Свет падал в Дом Женщин сквозь круглое отверстие, оставленное в крыше, и, сливаясь на полу с лившимся через дверной проем солнцем, наполнял воздух золотисто-бурым свечением. Днем здесь никогда не бывало ни по-настоящему светло, ни по-настоящему темно. Лишь там, где сходились падавшие с невидимого неба лучи, возвышалась статуэтка на подножии из шлифованных камней, и мраморная белизна казалась ослепляющей.

 

Они стояли в паре шагов от алтаря – три женщины, дородные, закутанные в льняную ткань, на которой отчетливо виднелись черные линии. В одинаковой одежде, с одинаковыми оберегами на груди и обрезанными на высоте плеч, сейчас распущенными, волосами, женщины казались сестрами. И в глазах, которые две из них устремили друг на друга, горела родственная ярость.

– Мы не можем покинуть Стену, – повторила Чажре, её голос звучал глухо и сдавленно, – земля, данная нам Невидимой Матерью – здесь, здесь предки ушли к её подземному дому, здесь духи вспаханного поля дают нам хлеб…

– Наши предки сами пришли сюда из-за гор, – прервала Гонаб, – тебе нужно было слушать старших матерей, Чажре, когда ты была молодой. Нам говорили об этом на вечерях, когда в небе горел Белый Глаз, говорили и когда мы лили ей свою кровь, когда нам выбирали того, кто отдаст нам силу черного камня. Но ты была занята другим, правда? У тебя была перед глазами не Старшая, а тот, кто ждал тебя у скал, кто потом…

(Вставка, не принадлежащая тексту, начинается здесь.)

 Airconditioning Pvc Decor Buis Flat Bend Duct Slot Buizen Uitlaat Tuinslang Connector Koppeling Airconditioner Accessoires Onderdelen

– Я слышала столько же, сколько ты! – голос Чажре взлетел вверх, и осекся, и она глубоко вздохнула, – я помню, кто были наши предки. Но сейчас мы здесь, Гонаб. У нас нет другой земли. По ту сторону гор живут люди, поклоняющиеся Женщине-с-Леопардом, они отказались от мены с нами, и не дадут поселиться нигде больше. Говорю, мы должны оставаться здесь.

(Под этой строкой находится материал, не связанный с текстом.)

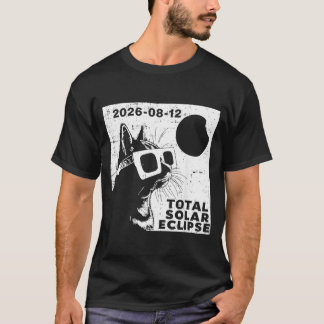 T-shirt Éclipse solaire totale 2026 Amateur de chats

– Без острого камня, без белой породы, без меди, – тихо проговорила молчавшая до этого времени третья, – людям не с чем работать, я встречалась с ними. Мы не можем получить ничего из-за гор, а на островах – ликшури. Они, наверное, убили людей Лирма, как лето назад убили тех, кто ходил к Длинному острову.

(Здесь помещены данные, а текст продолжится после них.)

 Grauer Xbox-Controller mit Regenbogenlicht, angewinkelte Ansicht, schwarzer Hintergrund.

– И будут убивать наших людей и дальше, пока мы не избавимся от них, – лицо Чажре сейчас походило на те деревянные маски, что люди иногда делали на празднества – резкие черты, искривившийся рот и провалы глаз. Лицо застывшей ярости ночных духов.

– Я за то, чтобы идти к горам, – проговорила Гонаб, – эта земля стала скудна. Люди Женщины-с-Леопардом не переходят через вершины, те земли пусты. И охотники говорят, что там много дичи, и найдутся поля для ячменя и ржи. А Большая Вода всегда была враждебна Невидимой Матери.

– Не вода, а лишь те, кто молятся ей, кто отверг ей волю ради холодных духов из глубин, – Чажре снова повысила голос, но третья женщина подняла руку, и она умолкла.

– Мы не решим это сейчас, – тихо, как в первый раз, сказала она, – надо просить Матерь о мудрости, а потом созывать людей. Пусть совет решит.

Чажре посмотрела на неё, потом на Гонаб, лицо последней кривила странная, словно злорадная усмешка.

– Так и сделаем, Хашма, – сказала женщина, – мы начнем молитву, когда Красный глаз исчезнет с неба, и на рассвете будем говорить опять.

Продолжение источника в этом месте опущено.